Спутники задрали головы.

— Интересно, — прищурился Джаркат. — Похоже на дракона.

— Так и есть, — кивнул Рензам. — Это дурной знак. Сто лет назад он означал войну. Когда я был ребёнком, дед рассказывал мне истории про те годы. Ризвор сражался против алсалонских орд на узких горных тропах Джихалаев, бок о бок с Пророком. Люди гибли не от мечей и копий, а падая в многочисленные бездонные пропасти между острыми скалами и заснеженными горными склонами. В воздухе стоял страшный шум — трещали молнии, рокотали валуны, а снежинки резали не хуже острого клинка. А над хаосом битвы кружился Тадеуш Мендрагус, верхом на Акрофосе, последнем драконе. Тварь окатывала горные склоны чёрным огнём и срывала лавины. То и дело какая-нибудь из тропинок обрушивалась в ущелье, или заносилась снегом. Дед никогда не мог понять, каким образом ему удалось выжить в этом истребительном сражении.

— И чем закончилась битва? — жадно спросил Гирем. Отец никогда не рассказывал ему и Джензену истории из семейного прошлого.

— Наши предки победили и отодвинули границу дальше на восток, по ту сторону Джихалаев. В последний раз, — глаза Рензама потухли. — С тех пор она двигается только на запад. И если мы ничего не сделаем, сын, Изры скоро не станет.

Он тронул поводья и поехал быстрее, оставив Гирема думать над его словами.

«Отец в каком-то смысле прав. Если Моисей нападёт — а он нападёт, сомневаться нет смысла, погибнут многие. Но будет ли меньше жертв, если Изра начнёт войну первой?».

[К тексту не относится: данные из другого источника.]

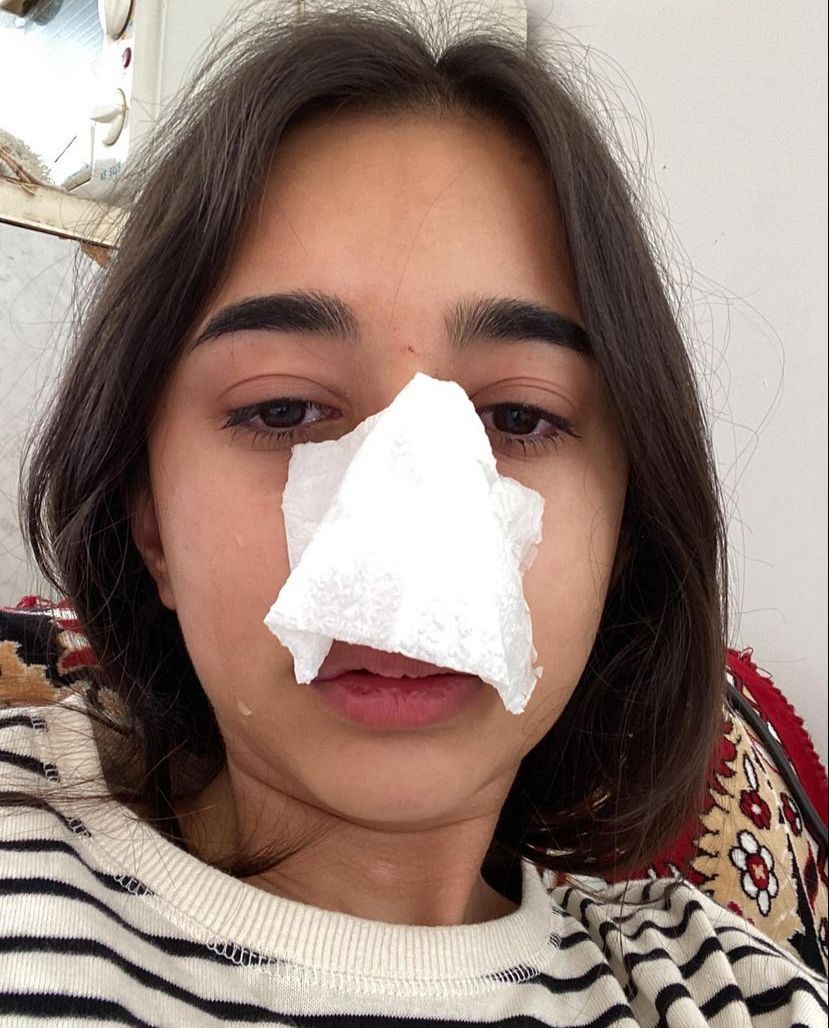 Bakıda gənc qız sevgilisi tərəfindən döyüldü - FOTO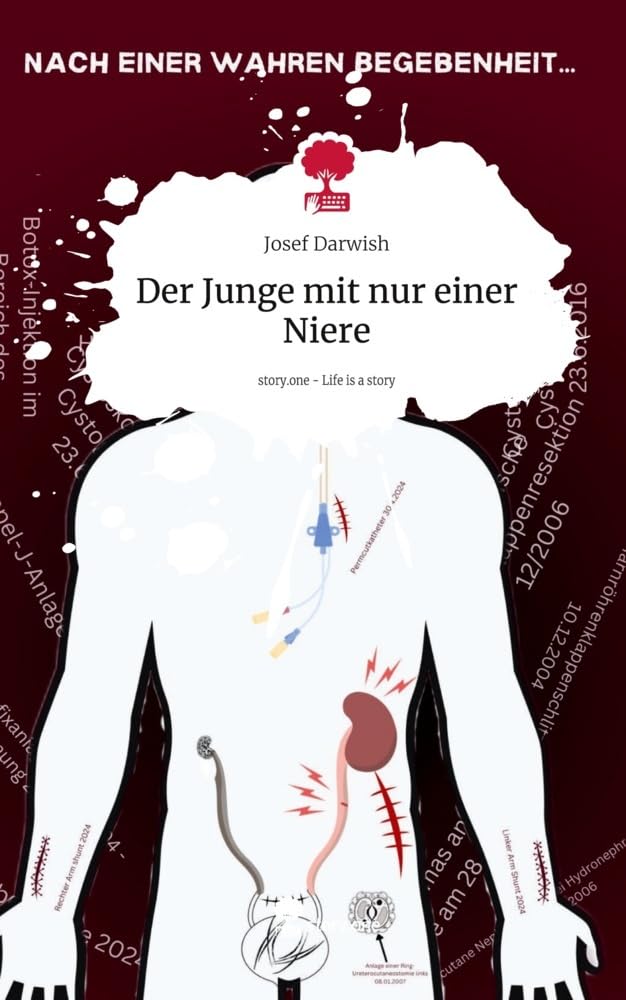 Der Junge mit nur einer Niere. Life is a Story - story.one Contemporary literature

Гирем мысленно покачал головой.

«Не будет. Человеческие амбиции всегда будут выстилать дорогу из трупов. Это прекратиться только, если мы полностью истребим друг друга, или обоюдно не откажемся от завоеваний. Понимает ли это будущий Пророк? Если нет, то нужно ему объяснить, хоть это и будет непросто. Но поговорить с Моисеем ещё сложнее. Царь Алсалона живёт уже тысячу лет и обладает несравненным опытом. Но если опыт есть эквивалент мудрости, то почему он продолжает так настойчиво нападать на соседей?»

Гирем поравнялся с Джаркатом.

— Ты знаешь о Моисее?

Историк фыркнул.

— Спросить, знаю ли я о Моисее, это то же самое, что спросить у повара, знает ли он, что такое еда. Разумеется, кое-что я знаю. Что ты хочешь узнать? Только не надо спрашивать про его личную жизнь — о её подробностях не знает никто из историков Изры.

— Личная жизнь мне не интересна. Мне интересно, неужели он до сих пор испытывает чувство удовлетворения от завоеваний новых земель и других народов? Сколько ему лет — тысяча, десять тысяч? Мне кажется, такие люди должны обладать мудростью.

Джаркат плотнее закутался в одежды и пожевал губами.

— Я не могу сказать, что происходит в голове у этого человека, но укажу на следующее. Моисей выглядел бы в наших глазах подлинным безумцем, если верить, что он действительно стремиться к завоеванию Изры на протяжении сотен лет только ради нового куска земли и сотни миллионов новых подданных.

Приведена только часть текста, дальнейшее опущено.